Seguindo esse princípio, Patrícia Reis teve de encarar dois desafios ao preparar esta mostra. Um foi “mostrar a forma como o Observador olha e se interessa pelo mundo e se interessa pelos protagonistas da nossa história contemporânea, os acontecimentos de hoje”. O outro, de mãos dadas com o primeiro, é fazê-lo sem cair na tendência de escolher as fotografias mais dramáticas. “O jornalismo é mais sobre ‘o homem que mordeu o cão do que o cão que mordeu o homem’, e nós temos uma tendência muito grande para a desgraça e para as coisas que fogem à vida normal. Portanto, esse equilíbrio era difícil de fazer — mas claro que escolher é excluir e tinha de se fazer uma escolha”, afirma, destacando ainda o trabalho de Pedro Leitão, por todo o trabalho de design que fez para esta mostra.

Ao entrar pela galeria da Sociedade de Belas Artes, esse equilíbrio fica bem patente logo na primeira sala, onde se encontra uma cronologia de alguns dos mais importantes acontecimentos dos últimos 10 anos. Nela encontramos imagens da conquista do Europeu de 2016, da realização da Eurovisão em Portugal em 2018 e das comemorações dos 50 anos do 25 de abril deste ano, tal como dos traumáticos incêndios de Pedrógão Grande em 2017, das sufocantes medidas de segurança durante a pandemia da Covid-19, em 2020, ou de uma criança a despedir-se do pai na Guerra da Ucrânia, em 2022. Tragédia e rejubilo, dor e alegria, lado a lado.

Rita Chantre / Observador

A mesma tendência pode ser observada na sala do piso de baixo, repleta de fotografias das grandes figuras da década e de alguns dos momentos que as marcaram.

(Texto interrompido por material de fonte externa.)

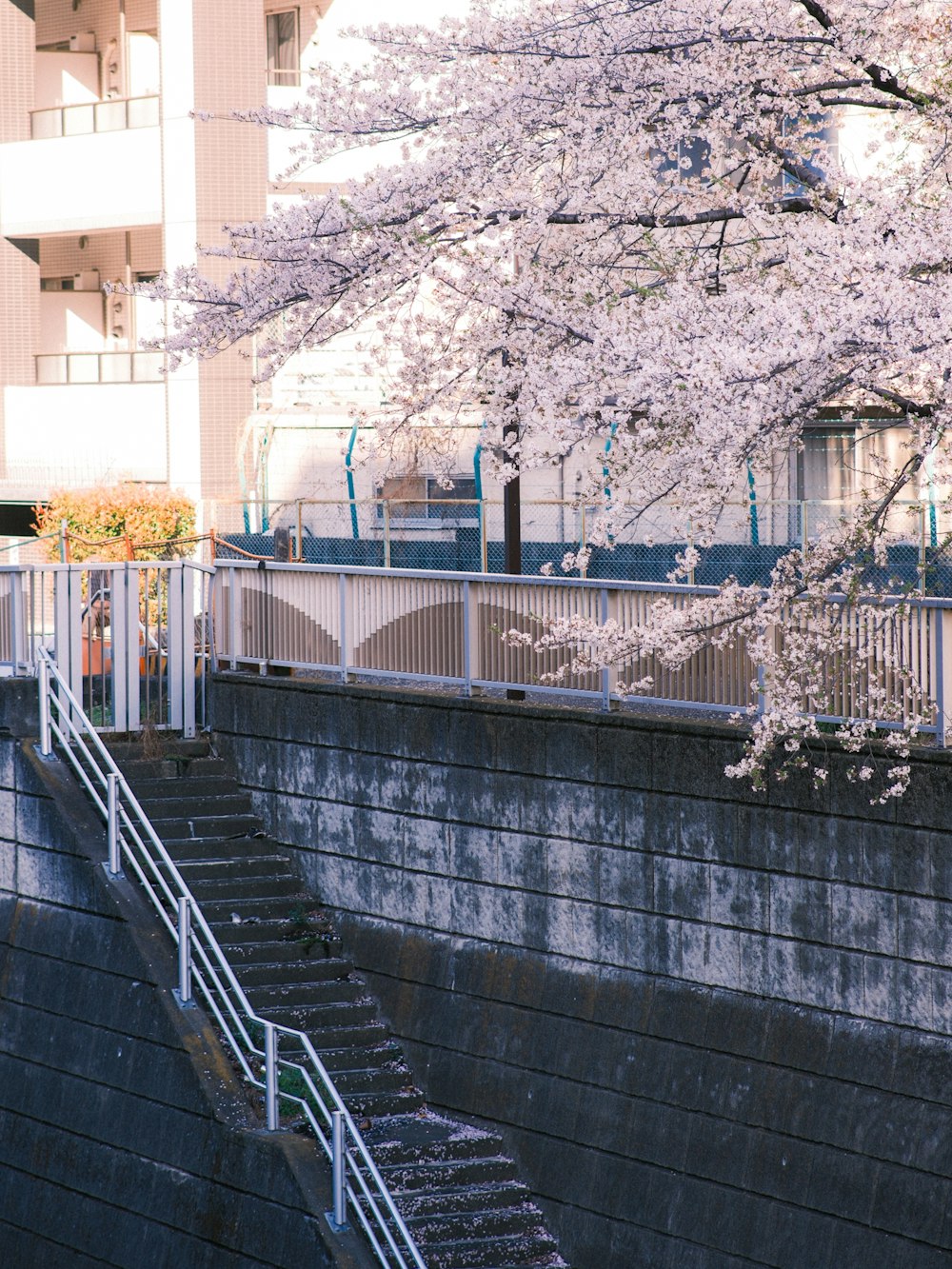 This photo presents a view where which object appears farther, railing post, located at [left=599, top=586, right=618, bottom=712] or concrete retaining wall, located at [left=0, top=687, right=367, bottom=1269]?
railing post, located at [left=599, top=586, right=618, bottom=712]

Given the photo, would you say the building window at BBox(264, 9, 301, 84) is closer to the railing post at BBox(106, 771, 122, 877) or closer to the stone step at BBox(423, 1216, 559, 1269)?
the railing post at BBox(106, 771, 122, 877)

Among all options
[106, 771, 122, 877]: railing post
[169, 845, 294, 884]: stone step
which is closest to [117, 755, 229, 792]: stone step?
[169, 845, 294, 884]: stone step

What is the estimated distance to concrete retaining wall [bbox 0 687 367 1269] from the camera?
39.3 ft

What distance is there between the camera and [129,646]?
1546cm

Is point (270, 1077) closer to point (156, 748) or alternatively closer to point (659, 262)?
point (156, 748)

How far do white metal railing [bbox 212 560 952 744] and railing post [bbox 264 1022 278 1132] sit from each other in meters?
2.83

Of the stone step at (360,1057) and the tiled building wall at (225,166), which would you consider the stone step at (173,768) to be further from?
the tiled building wall at (225,166)

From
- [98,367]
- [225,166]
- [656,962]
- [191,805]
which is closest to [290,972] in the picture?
[191,805]

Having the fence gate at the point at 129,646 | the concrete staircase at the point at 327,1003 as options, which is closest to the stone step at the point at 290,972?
the concrete staircase at the point at 327,1003

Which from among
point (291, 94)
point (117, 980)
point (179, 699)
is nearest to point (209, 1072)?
point (117, 980)

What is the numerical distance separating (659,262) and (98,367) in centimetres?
1924

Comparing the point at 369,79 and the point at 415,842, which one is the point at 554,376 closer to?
the point at 369,79

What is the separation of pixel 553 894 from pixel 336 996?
216 centimetres

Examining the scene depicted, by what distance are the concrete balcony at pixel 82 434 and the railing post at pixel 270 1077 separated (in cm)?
1805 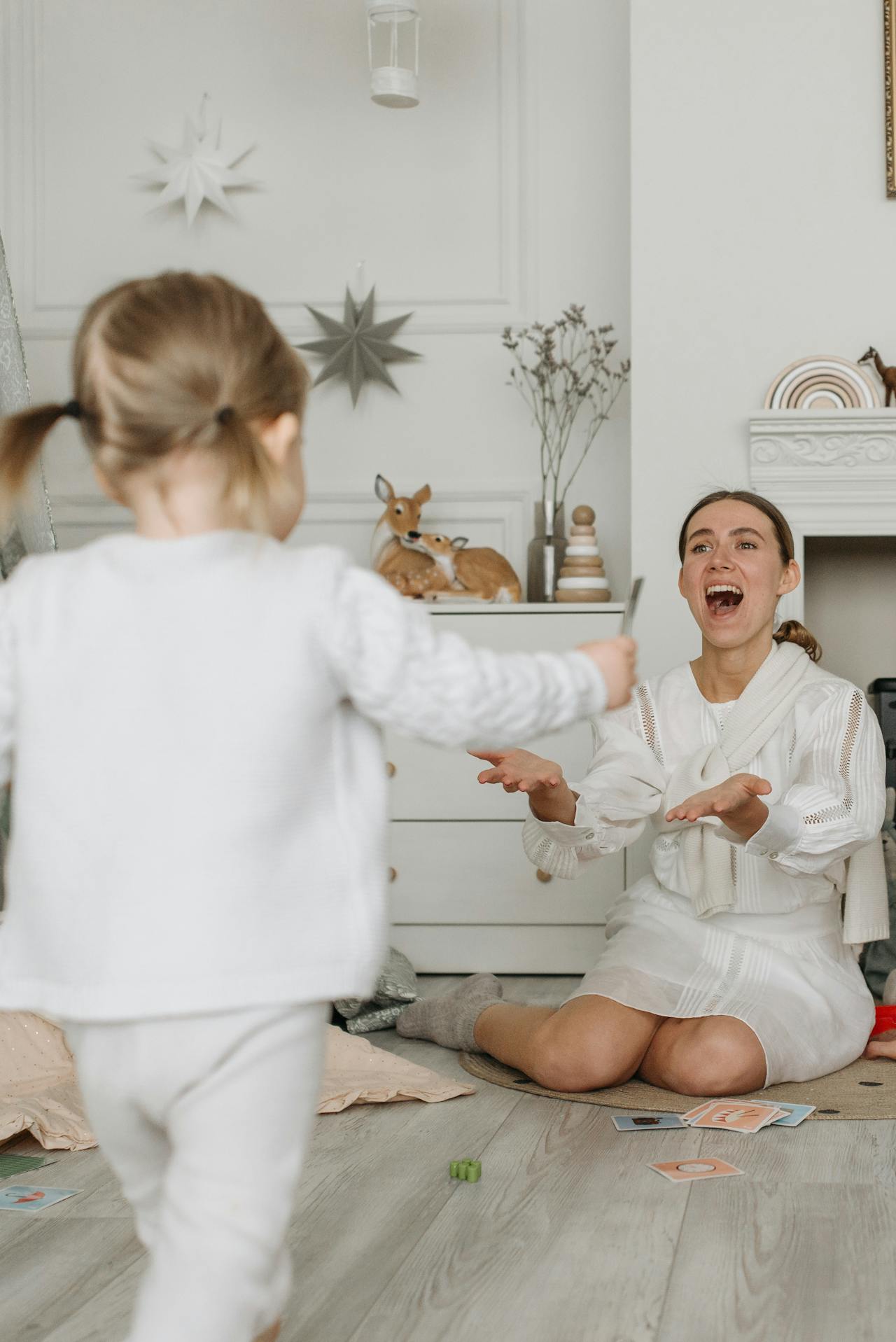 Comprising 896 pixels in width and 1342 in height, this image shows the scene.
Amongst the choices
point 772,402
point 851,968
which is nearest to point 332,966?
point 851,968

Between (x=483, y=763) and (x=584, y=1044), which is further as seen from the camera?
(x=483, y=763)

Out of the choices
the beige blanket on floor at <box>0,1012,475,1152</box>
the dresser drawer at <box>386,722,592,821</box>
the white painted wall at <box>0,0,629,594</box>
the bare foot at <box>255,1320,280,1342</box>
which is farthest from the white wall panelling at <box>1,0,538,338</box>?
the bare foot at <box>255,1320,280,1342</box>

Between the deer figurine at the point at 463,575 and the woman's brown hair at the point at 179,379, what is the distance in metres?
2.28

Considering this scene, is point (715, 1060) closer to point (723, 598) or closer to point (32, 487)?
point (723, 598)

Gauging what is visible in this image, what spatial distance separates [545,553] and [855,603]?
30.6 inches

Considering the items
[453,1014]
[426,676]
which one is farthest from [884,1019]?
[426,676]

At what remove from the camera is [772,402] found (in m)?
3.02

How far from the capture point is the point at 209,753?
3.09 feet

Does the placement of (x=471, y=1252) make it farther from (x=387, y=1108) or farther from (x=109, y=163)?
(x=109, y=163)

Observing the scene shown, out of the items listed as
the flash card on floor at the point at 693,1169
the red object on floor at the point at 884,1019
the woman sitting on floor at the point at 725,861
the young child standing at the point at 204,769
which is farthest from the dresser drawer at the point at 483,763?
the young child standing at the point at 204,769

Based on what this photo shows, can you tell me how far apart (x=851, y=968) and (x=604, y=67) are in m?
2.45

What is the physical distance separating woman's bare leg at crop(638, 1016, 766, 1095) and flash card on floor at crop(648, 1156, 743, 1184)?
0.28 metres

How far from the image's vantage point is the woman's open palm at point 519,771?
1882mm

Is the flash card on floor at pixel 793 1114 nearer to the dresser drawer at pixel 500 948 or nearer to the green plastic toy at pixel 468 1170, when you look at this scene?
the green plastic toy at pixel 468 1170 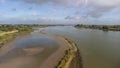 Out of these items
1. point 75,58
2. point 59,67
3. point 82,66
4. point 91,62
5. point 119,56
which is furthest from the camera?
point 119,56

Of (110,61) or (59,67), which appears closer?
(59,67)

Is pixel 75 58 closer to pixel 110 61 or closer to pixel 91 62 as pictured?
pixel 91 62

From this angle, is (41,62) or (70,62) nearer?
(70,62)

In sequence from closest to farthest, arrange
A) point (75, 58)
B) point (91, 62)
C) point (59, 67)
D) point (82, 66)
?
point (59, 67) < point (82, 66) < point (91, 62) < point (75, 58)

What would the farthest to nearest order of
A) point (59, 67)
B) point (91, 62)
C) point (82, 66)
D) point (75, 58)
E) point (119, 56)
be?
point (119, 56)
point (75, 58)
point (91, 62)
point (82, 66)
point (59, 67)

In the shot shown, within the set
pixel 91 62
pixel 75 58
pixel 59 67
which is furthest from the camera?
pixel 75 58

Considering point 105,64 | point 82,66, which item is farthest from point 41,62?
point 105,64

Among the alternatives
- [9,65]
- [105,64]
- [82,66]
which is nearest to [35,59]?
[9,65]

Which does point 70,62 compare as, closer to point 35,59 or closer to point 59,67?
point 59,67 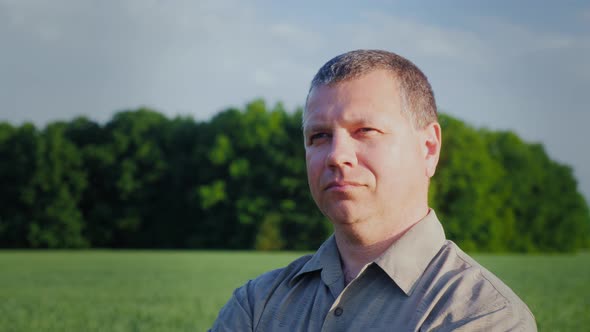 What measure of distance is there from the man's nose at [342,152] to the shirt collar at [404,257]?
1.21ft

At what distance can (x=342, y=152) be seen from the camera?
8.75 ft

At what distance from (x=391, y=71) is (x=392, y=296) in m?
0.86

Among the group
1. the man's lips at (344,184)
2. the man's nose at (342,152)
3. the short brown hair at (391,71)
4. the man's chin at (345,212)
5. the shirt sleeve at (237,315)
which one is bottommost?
the shirt sleeve at (237,315)

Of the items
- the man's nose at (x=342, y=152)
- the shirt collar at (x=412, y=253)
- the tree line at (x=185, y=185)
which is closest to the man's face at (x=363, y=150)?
the man's nose at (x=342, y=152)

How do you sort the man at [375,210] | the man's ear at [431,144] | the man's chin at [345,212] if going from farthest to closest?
the man's ear at [431,144] < the man's chin at [345,212] < the man at [375,210]

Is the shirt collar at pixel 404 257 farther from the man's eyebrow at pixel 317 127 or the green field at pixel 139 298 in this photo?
the green field at pixel 139 298

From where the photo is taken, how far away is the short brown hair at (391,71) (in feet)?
8.87

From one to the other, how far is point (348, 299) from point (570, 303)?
51.5ft

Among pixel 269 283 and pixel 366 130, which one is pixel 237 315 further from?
pixel 366 130

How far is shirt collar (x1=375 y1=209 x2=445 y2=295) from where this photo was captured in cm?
262

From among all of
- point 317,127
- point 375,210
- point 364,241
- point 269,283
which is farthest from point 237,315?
point 317,127

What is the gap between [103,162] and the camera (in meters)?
72.0

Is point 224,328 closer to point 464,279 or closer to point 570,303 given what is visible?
point 464,279

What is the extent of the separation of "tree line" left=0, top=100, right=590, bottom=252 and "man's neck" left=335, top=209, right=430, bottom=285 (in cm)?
6464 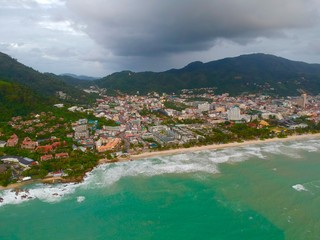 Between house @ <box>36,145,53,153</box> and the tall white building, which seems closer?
house @ <box>36,145,53,153</box>


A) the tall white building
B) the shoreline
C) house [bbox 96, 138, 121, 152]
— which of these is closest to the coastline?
the shoreline

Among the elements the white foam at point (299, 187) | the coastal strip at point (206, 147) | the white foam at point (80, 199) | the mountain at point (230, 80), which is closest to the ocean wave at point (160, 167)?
the white foam at point (299, 187)

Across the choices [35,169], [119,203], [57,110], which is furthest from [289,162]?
[57,110]

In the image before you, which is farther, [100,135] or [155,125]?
[155,125]

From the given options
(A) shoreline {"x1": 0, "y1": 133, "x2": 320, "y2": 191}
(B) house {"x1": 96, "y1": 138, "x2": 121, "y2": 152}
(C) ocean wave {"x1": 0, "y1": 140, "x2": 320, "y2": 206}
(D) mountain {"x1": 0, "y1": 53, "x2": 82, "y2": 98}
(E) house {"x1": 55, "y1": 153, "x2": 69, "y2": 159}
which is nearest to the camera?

De Marcelo Rebelo de Sousa a consolar um homem idoso após os incêndios de outubro de 2017 a Rui Rio a tocar bateria na Quinta da Malafaia; do olhar desolado de Fernando Medina após perder as Autárquicas de 2021 a Luís Montenegro coberto de tinta verde. Lá fora, as idas dos Antónios — Costa e Guterres — a Kiev, durante a guerra, ou a eleição de Jair Bolsonaro no Brasil.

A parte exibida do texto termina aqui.